──────── Entries supplied
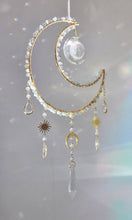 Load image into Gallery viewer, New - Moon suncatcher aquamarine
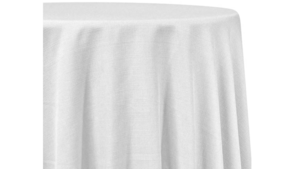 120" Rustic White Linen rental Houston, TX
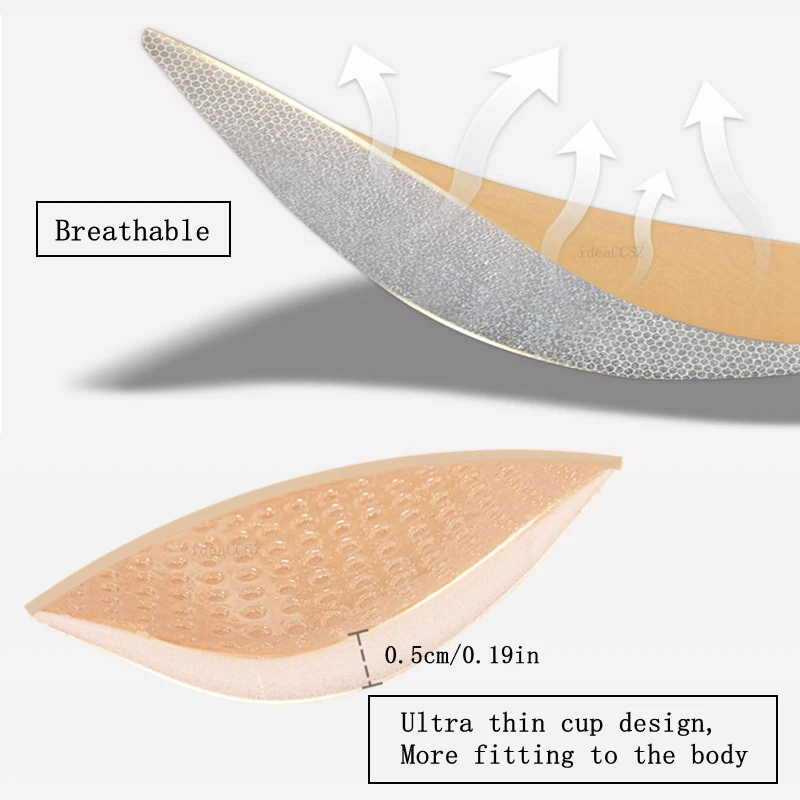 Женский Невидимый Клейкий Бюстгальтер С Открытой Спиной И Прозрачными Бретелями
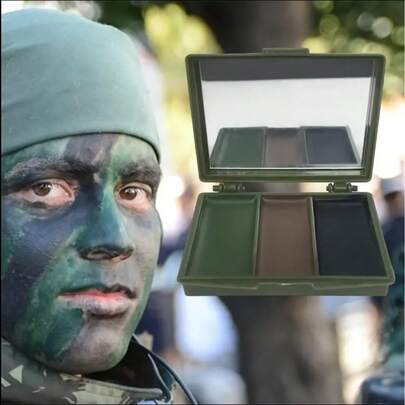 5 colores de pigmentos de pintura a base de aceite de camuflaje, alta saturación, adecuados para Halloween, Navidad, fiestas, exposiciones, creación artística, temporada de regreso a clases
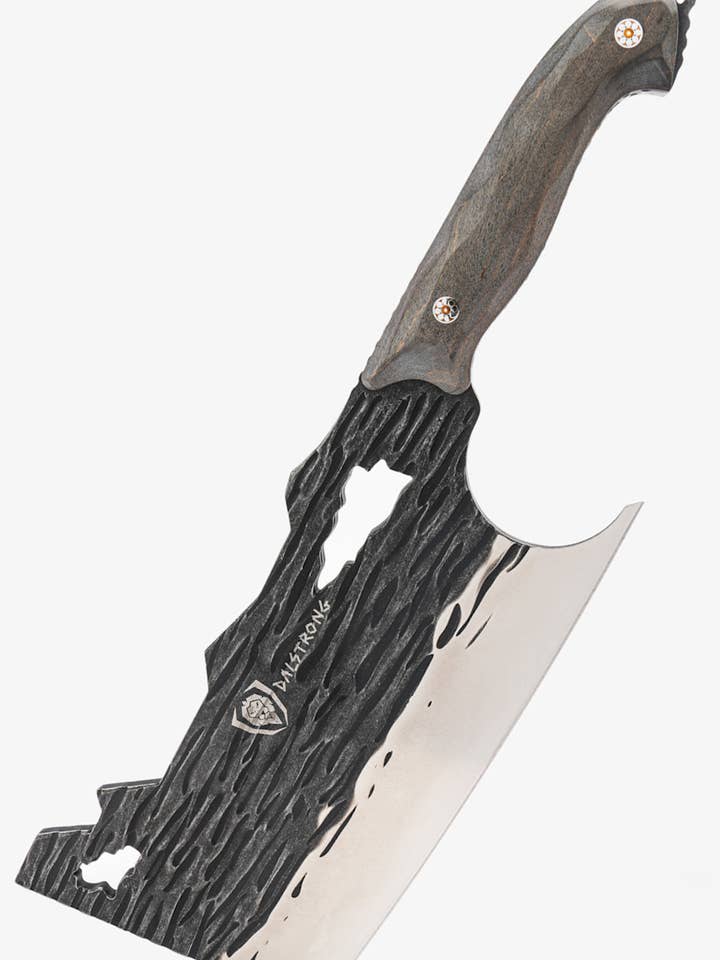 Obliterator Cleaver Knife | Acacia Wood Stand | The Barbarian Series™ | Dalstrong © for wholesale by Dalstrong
────────────────
[Description of the task] Every record above should come back exactly, but without its pictures.

[Exercise output]
 Load image into Gallery viewer, New - Moon suncatcher aquamarine
 120" Rustic White Linen rental Houston, TX
 Женский Невидимый Клейкий Бюстгальтер С Открытой Спиной И Прозрачными Бретелями
 5 colores de pigmentos de pintura a base de aceite de camuflaje, alta saturación, adecuados para Halloween, Navidad, fiestas, exposiciones, creación artística, temporada de regreso a clases
 Obliterator Cleaver Knife | Acacia Wood Stand | The Barbarian Series™ | Dalstrong © for wholesale by Dalstrong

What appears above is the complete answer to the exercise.